An integrated framework combining a node transformer architecture with BERT-based sentiment analysis with graph-based modeling for stock price forecasting is presented, which represents the stock market as a graph structure where individual stocks form nodes and edges capture relationships including sectoral affiliations, correlated price movements, and supply chain connections.

Abstract

Stock market prediction presents considerable challenges for investors, financial institutions, and policymakers operating in complex market environments characterized by noise, non-stationarity, and behavioral dynamics. Traditional forecasting methods often fail to capture the intricate patterns and cross-sectional dependencies inherent in financial markets. This paper presents an integrated framework combining a node transformer architecture with BERT-based sentiment analysis for stock price forecasting. The proposed model represents the stock market as a graph structure where individual stocks form nodes and edges capture relationships including sectoral affiliations, correlated price movements, and supply chain connections. A fine-tuned BERT model extracts sentiment from social media posts and combines it with quantitative market features through attention-based fusion. The node transformer processes historical market data while capturing both temporal evolution and cross-sectional dependencies among stocks. Experiments on 20 S&P 500 stocks spanning January 1982 to March 2025 demonstrate that the integrated model achieves a mean absolute percentage error (MAPE) of 0.80% for one-day-ahead predictions, compared to 1.20% for ARIMA and 1.00% for LSTM. Sentiment analysis reduces prediction error by 10% overall and 25% during earnings announcements, while graph-based modeling contributes an additional 15% improvement by capturing inter-stock dependencies. Directional accuracy reaches 65% for one-day forecasts. Statistical validation through paired t-tests confirms these improvements (p < 0.05 for all comparisons). The model maintains MAPE below 1.5% during high-volatility periods where baseline models exceed 2%.
Paper Structure (53 sections, 33 equations, 5 figures, 10 tables)
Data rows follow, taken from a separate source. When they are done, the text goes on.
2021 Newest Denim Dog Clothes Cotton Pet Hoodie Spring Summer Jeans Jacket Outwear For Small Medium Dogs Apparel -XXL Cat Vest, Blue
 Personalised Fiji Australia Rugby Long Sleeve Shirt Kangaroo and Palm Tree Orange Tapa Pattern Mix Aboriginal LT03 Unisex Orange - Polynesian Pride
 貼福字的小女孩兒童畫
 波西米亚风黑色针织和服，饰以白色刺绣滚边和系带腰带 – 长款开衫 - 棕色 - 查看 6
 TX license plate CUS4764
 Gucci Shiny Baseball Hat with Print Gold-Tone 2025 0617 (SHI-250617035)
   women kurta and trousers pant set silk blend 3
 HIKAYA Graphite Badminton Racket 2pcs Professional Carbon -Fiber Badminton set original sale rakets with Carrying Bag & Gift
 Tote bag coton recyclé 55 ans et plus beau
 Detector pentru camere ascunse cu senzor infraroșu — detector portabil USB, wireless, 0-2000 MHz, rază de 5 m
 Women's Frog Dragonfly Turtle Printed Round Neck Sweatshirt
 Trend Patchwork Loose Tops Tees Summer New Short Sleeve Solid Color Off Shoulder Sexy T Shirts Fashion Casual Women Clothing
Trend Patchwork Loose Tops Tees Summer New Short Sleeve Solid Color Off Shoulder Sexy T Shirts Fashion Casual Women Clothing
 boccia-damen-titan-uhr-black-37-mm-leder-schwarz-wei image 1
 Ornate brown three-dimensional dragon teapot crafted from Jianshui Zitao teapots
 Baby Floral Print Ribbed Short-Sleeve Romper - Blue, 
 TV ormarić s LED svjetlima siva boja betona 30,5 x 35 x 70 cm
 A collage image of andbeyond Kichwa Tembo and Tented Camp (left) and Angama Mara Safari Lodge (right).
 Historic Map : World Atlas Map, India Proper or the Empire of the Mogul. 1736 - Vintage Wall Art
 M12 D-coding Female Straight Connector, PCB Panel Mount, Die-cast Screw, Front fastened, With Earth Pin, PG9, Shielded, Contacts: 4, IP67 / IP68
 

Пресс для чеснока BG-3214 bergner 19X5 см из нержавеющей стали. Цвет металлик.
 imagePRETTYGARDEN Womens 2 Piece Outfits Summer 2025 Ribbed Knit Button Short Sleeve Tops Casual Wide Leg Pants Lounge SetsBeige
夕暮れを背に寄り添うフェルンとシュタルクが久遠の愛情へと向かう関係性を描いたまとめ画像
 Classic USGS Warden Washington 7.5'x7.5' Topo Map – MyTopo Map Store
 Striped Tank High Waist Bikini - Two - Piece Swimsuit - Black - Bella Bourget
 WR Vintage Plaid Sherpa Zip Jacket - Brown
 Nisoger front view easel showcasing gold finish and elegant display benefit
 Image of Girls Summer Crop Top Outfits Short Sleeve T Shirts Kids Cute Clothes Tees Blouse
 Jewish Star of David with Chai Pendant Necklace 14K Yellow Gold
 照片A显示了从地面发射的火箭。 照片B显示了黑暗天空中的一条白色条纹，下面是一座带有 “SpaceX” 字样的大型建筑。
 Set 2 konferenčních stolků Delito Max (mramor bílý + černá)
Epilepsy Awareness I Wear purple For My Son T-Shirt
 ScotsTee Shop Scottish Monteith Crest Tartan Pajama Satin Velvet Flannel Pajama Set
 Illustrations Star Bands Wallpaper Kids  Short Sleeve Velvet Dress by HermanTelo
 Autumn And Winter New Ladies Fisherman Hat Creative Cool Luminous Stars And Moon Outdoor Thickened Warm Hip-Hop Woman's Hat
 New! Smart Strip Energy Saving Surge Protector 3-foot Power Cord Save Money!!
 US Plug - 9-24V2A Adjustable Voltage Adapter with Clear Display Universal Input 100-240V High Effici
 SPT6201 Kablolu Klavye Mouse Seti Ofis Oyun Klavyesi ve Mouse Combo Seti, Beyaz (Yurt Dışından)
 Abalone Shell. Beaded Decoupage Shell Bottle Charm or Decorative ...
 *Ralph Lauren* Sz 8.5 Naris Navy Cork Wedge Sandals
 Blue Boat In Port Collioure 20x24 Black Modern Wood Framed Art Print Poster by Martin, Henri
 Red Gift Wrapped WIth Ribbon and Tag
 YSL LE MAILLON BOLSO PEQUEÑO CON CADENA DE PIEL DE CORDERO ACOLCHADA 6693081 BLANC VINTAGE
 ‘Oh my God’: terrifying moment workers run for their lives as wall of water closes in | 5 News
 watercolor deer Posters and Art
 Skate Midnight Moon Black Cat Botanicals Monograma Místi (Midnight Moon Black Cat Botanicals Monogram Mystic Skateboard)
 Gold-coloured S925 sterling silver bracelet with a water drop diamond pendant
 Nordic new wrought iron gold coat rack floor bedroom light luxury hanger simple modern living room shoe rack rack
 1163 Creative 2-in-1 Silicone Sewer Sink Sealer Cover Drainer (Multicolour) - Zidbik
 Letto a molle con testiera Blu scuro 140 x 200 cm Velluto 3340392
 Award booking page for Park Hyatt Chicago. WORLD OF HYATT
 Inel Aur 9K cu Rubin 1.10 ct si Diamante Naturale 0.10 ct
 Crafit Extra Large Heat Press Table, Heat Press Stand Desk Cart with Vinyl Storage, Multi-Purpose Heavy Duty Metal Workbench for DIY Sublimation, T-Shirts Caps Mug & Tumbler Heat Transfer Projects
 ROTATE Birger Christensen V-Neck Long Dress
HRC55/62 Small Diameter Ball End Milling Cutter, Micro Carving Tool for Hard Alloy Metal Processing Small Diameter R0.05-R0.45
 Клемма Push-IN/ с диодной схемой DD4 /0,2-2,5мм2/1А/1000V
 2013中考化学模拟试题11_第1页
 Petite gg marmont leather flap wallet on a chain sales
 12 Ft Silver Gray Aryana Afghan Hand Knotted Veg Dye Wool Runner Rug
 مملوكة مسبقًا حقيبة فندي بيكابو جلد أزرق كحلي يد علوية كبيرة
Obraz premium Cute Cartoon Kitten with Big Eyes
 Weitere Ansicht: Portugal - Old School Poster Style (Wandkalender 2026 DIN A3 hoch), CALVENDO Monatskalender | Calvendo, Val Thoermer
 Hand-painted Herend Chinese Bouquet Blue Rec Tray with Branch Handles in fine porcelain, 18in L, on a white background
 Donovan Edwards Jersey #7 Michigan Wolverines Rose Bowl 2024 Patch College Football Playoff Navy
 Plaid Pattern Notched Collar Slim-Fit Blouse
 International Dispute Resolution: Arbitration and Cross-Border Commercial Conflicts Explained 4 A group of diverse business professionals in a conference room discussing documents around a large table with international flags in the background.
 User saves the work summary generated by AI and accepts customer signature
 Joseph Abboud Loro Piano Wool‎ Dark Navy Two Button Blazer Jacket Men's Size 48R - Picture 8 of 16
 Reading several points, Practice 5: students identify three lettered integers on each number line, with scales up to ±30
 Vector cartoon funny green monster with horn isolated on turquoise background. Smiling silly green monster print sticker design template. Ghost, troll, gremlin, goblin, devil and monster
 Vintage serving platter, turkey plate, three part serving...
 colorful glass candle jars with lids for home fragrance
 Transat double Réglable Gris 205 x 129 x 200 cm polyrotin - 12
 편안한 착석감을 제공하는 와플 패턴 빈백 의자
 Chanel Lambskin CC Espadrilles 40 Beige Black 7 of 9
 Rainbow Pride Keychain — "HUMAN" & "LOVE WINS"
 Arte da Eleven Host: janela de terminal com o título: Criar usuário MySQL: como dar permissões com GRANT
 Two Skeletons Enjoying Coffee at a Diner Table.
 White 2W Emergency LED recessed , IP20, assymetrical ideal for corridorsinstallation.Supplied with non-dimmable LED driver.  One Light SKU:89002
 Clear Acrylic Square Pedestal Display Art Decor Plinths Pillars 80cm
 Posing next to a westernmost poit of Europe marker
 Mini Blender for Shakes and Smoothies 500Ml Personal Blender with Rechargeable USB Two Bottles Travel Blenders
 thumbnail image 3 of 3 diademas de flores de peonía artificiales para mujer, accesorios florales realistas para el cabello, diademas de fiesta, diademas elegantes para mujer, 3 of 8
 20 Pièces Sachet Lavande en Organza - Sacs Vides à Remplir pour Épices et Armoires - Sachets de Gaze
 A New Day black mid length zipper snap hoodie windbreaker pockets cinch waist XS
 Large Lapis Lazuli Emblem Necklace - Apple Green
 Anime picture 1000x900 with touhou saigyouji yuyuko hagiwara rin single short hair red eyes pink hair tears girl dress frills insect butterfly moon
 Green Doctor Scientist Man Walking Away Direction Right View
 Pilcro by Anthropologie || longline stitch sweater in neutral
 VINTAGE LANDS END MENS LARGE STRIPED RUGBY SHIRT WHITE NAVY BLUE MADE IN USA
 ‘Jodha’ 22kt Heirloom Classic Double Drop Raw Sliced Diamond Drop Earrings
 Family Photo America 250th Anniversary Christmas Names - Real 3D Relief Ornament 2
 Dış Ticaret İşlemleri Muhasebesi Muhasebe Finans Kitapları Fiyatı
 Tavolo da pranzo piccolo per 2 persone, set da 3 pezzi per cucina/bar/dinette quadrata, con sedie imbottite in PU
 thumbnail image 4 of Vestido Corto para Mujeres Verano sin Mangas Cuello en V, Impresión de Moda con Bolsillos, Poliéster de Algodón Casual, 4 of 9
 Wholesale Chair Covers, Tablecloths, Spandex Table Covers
This paper contains 53 sections, 33 equations, 5 figures, 10 tables.

Figures (5)

  • Figure 1: Feature engineering pipeline. Raw OHLCV data is processed through multiple technical indicator computations, normalized using z-score standardization, and concatenated into the final feature vector.
  • Figure 2: System architecture. Price data, volume, and technical indicators are jointly processed through normalization, graph construction, and temporal encoding before the node transformer. Social media posts are processed through BERT and sentiment aggregation. Both streams combine through attention-based multimodal fusion.
  • Figure 3: Single transformer layer architecture. Input passes through multi-head self-attention with residual connection and layer normalization, followed by a position-wise feed-forward network with another residual connection and normalization.
  • Figure 4: BERT sentiment extraction pipeline. Raw social media posts are preprocessed, tokenized, encoded through BERT, pooled via [CLS] token, and classified to sentiment scores.
  • Figure 5: Adaptive fusion mechanism. The weighting coefficient $\alpha_t$ is computed from volatility and sentiment magnitude, then used to blend node transformer and sentiment-based predictions.